Шумел, горел пожар московский,
Дым расстилался по реке,
А на стенах высот кремлевских
Стоял он в сером сюртуке.
Серый цвет — цвет власти и потому предельной несвободы. Ведь высокий жребий — фатум, а не свобода. От серого кителя тирана до серой робы каторжника — колоссальная дистанция, пропасть между «богатым» и «бедным» серым цветом; но это все же серый. Стальной. Обескровленный у каторжника, он вампирически напоен у деспота; просто вся алая субстанция запрятана, подавлена, нивелирована другим, чем-то другим, какими-то другими.
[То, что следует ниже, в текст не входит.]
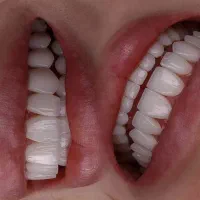 دستیار دندانپزشک خانم (پاره وقت)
Сталин назвался Сталиным в минуту высшего политического вдохновения: кроме намека на несгибаемость, это указание на серость. На наполеоновский тон «простой» шинели, в сукно которой вплетены миллионы жизней, их цвет, аура, нить. «За серыми приходят черные», говорите? Никогда не приходят. Они просто переодеваются. А Ван Гог от серой темы своих ранних лет ушел. Ушел. Ушел в триумф цвета, в вопиющее не смешение противоположностей, в отказ от ахроматизма. Он даже ночь написал без одной капли черного цвета — построил ее из фиолетового, голубого, желтого, белого, любого — в «Ночном кафе». Нужно выломиться из того, чтобы быть донором своего — единственного главного — цвета ради целого больших систем. Уйти из нивелирующих программ. Разбудить людей, спящих, как вангоговский ткач, и так же во сне вплетающих себя в серое, бесконечно богатое полотно бытия. Но что будет, если все мы изыдем, изымем себя из этой корпоративной шинели? Я не знаю. Но я — не пряду. Я — не вплетаюсь.
Февраль 2013 — Август 2021
1 Очень далеко; буквально «крик издали» (англ.).